Vico Sotto on being mayor: 'Most challenging 100 days of my life'

Vico Sotto on being mayor: 'Most challenging 100 days of my life'

MANILA, Philippines — “This has been the most challenging 100 days of my life,” Pasig City Mayor Vico Sotto said on Tuesday in his first State of the City Address on Tuesday, on the 100th day since he took his oath of office as the youngest chief executive of a local government in Metro Manila.

Sotto, wearing a white shirt printed with “Pasig: Umaagos ang Pagasa” (Pasig: Hope is Flowing), laid out before Pasigueños gathered at Plaza Bonifacio the accomplishments of the city government under his leadership.


Sotto detailed his goal of making the Pasig, the eighth biggest city in the country, the first implementor of the Universal Healthcare Law.

He noted that the city had allotted P36 million in 2019 to allow more Pasigueños to be covered by PhilHealth.

This includes senior citizens, persons with disabilities, and tricycle drivers and operators.

Sotto also stressed the need to strengthen barangay health centers by rehabilitating their facilities and providing more medical supplies.

According to him, the city budget for medical supplies for 2020 is three times larger than in 2019.

He said public hospitals in the city should focus more on service delivery rather than income generation.

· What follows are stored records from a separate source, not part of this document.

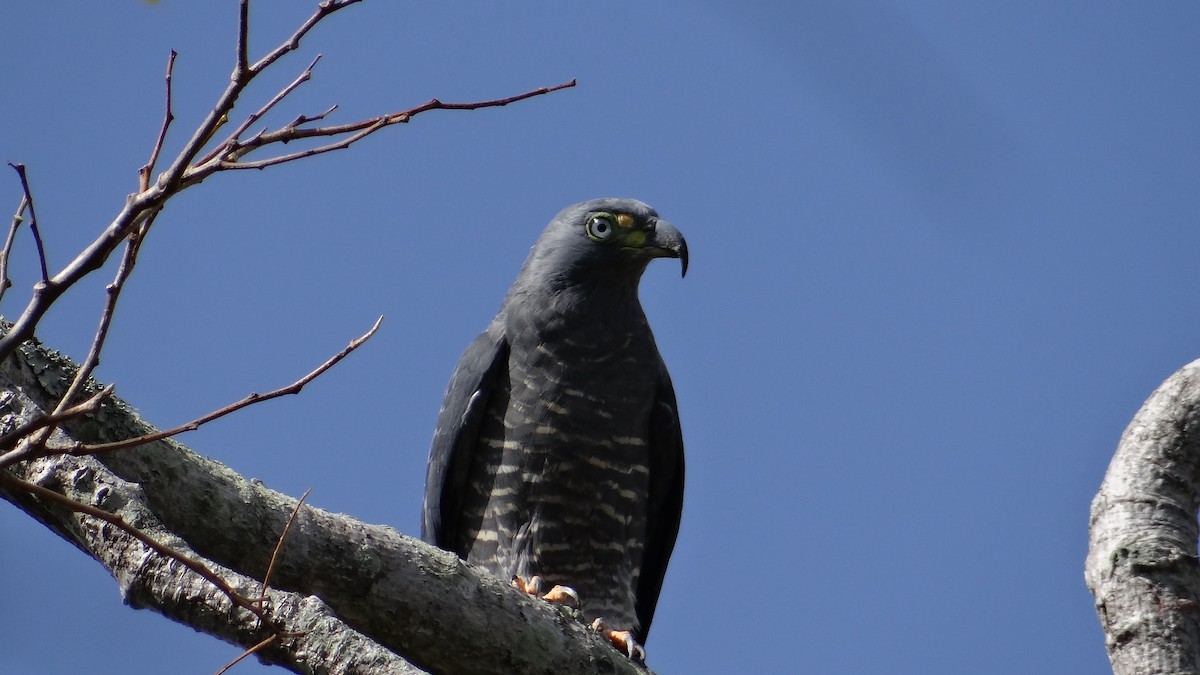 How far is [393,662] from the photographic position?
255 cm

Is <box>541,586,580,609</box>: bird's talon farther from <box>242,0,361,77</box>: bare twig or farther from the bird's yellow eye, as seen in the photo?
<box>242,0,361,77</box>: bare twig

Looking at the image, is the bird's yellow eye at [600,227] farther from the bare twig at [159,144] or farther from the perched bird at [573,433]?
the bare twig at [159,144]

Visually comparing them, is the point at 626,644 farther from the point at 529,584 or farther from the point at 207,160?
the point at 207,160

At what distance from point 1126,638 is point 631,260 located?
350cm

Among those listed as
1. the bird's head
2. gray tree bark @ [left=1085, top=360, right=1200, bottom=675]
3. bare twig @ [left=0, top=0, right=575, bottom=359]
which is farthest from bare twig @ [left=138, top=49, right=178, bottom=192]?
the bird's head

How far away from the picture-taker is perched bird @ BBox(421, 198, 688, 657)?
19.7ft

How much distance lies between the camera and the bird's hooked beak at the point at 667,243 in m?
6.36

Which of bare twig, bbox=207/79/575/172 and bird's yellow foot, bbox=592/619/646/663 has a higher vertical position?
bird's yellow foot, bbox=592/619/646/663

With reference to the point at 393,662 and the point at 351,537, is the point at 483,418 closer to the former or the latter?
the point at 351,537

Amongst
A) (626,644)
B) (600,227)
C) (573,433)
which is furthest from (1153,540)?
(600,227)

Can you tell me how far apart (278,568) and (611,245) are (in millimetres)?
3382

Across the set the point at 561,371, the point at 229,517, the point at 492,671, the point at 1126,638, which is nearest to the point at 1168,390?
the point at 1126,638

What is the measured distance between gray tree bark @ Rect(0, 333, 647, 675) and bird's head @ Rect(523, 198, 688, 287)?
9.11 ft

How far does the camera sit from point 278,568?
11.1ft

“With the help of the council, we will amend the Revenue Code to make medical services affordable, if not free, for Pasig residents,” he said in Filipino.


Among his “Big Five Agenda” for the city, Sotto called the housing sector the most challenging.

He said he had signed a memorandum stopping the collection of the so-called “compounded monthly penalties” on delinquent payments of beneficiaries of the city’s housing projects.

He said he was hoping he could, with the help of the council, to make the penalty even lower.


“Here in Pasig, for the first time, our scholarship program is no longer named after a politician but after Pasigueños,” he said.

The city budget, he added, had been realigned to accommodate more scholars — now at a record-high of  13,000 scholars, which he hoped increase to 16,000 scholars in 2020.

In other sectors

Sotto mentioned the “notorious” traffic enforcers of the city, called “Blue Boys,” who would reportedly ask money from traffic violators.

He said traffic enforcers had been reshuffled and had been required to attend a professional development program to improve their services.

The young mayor also laid out other accomplishments — particularly in curbing corruption in government offices and ensuring ease of doing business.

“We enjoin the public to continue reporting cases of corruption. Like I said, and this is a stern warning to everyone: The corrupt will be dealt with accordingly,” he said.

Among those present during Sotto’s address were his mother, actress Coney Reyes, and Rep. Roman Romulo.

Before delivering his SOCA, several programs covering various sectors were also launched.

Sotto ended the Eusebio clan’s 27-year rule in Pasig when he defeated reelectionist Robert “Bobby” Eusebio by over 70,000 votes in the May 2019 midterm elections.